Difícil poder dialogar desde una posición de debilidad. Difícil hacerlo cuando enfrente uno de los negociadores blande un revólver que coloca sobre una enclenque mesa de diálogo. Esa arma en Oslo, Noruega -en manos de Jorge Rodríguez, ministro de Comunicación y de Héctor Rodríguez, gobernador del estado de Miranda– no es otra que los centenares de presos políticos que la dictadura de Nicolás Maduro mantiene bajo cautiverio. Gran parte de ellos son sometidos a torturas y están incomunicados. ¿Cuánto tiempo más serán moneda de cambio?
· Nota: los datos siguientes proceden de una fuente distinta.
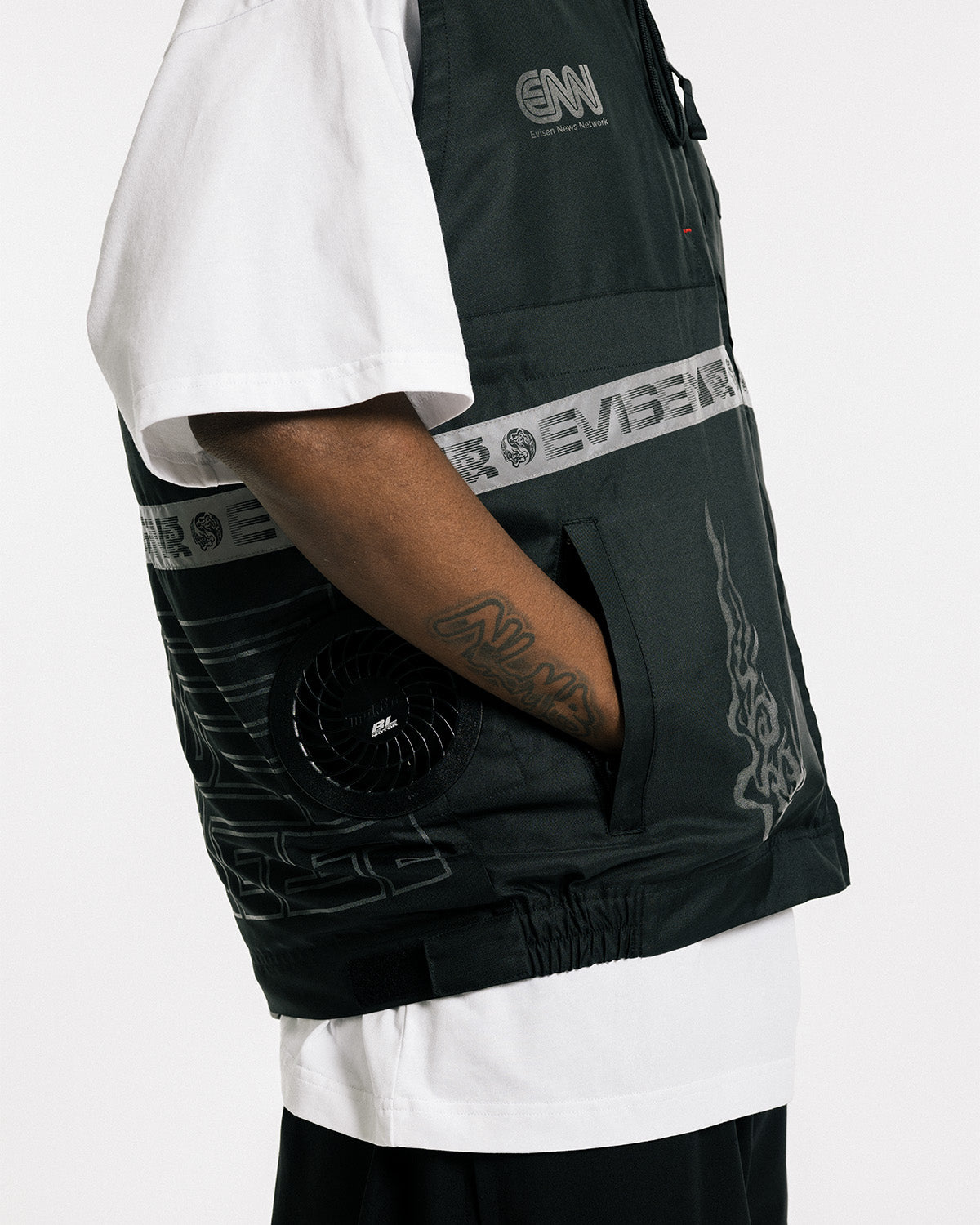 EYE FIRE AIR COOLING VEST - BLACK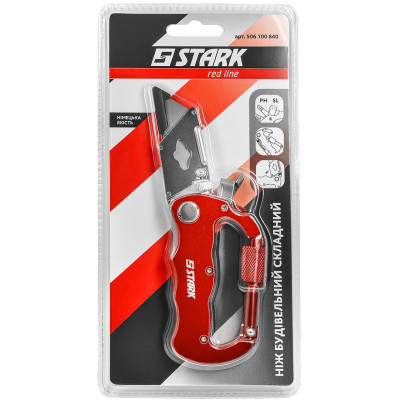 Нож монтажный Stark складной трапециевидный (506100840) Винница - изображение 4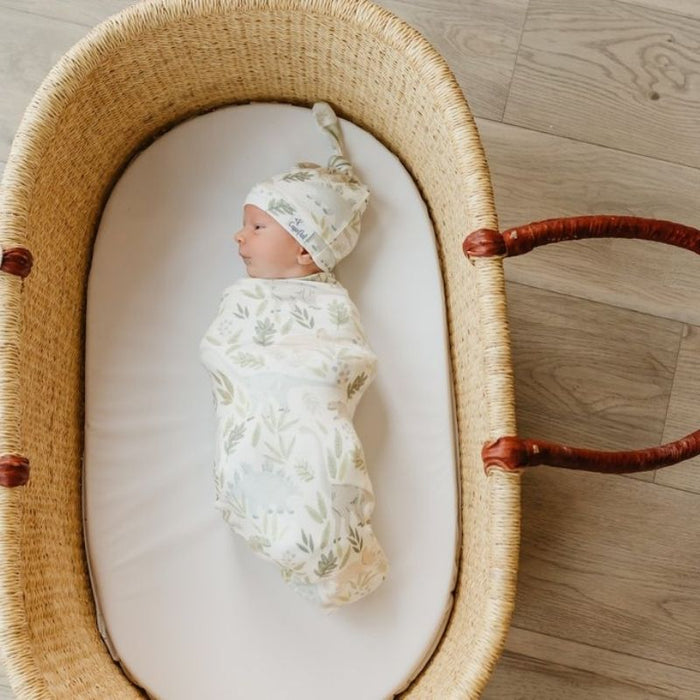 Knit Swaddle Blanket by Copper Pearl at $31.88! Shop now at Nestled by Snuggle Bugz for Nursery & Decor.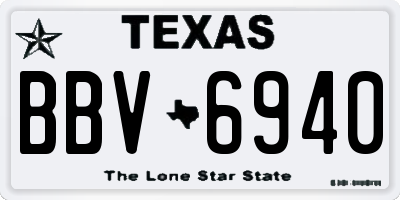 TX license plate BBV6940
Esos líderes secuestrados no deberían ser parte de pacto alguno. Sin condiciones, deberían ser liberados por el régimen antes de que los enviados del presidente interino Juan Guaidó –Stalin González, Fernando Martínez Mottola y Gerardo Blyde– se sienten en una misma mesa con los delegados de Miraflores. Llevado a un plano deportivo: el no hacerlo sería como jugar una final acordando un resultado inicial de 1 a 0 en contra.
Cuantos más puntos haya para discutir, la hoja de ruta de Caracas se pondrá de manifiesto: será un diseño para ganar tiempo y dilatar el empuje de un pueblo que demostró que no tiene pensado rendirse pese a la maquinaria represiva. Desde la sede gubernamental aún no se emitió ninguna señal de buena voluntad. ¿Por qué confiar esta vez? Es más, en las últimas semanas los procesos judiciales sin garantías contra dirigentes del propio Guaidó se intensificaron. Tales los casos de Roberto Marrero, Edgar Zambrano o el propio Gilber Caro.
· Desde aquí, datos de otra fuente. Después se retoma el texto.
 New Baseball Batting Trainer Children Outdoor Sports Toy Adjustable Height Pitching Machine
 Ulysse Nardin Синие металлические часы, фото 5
No es la primera vez que Maduro ensaya un artilugio semejante. En diciembre de 2016, jaqueado, el jefe de la administración convocó al Vaticano para que tendiera puentes con la oposición. La Santa Sede envió al cardenal Pietro Parolin, secretario de Estado y trazó un sendero común.
En aquella oportunidad la jerarquía chavista engañó a todos. Se dedicó a bombardear el acuerdo y a sabotear los pedidos de la Iglesia católica, que instó a la liberación de los dirigentes políticos como uno de los puntos más urgentes. También solicitó el llamado a un "camino electoral". Y exigía la normalización de las funciones de la Asamblea Nacional.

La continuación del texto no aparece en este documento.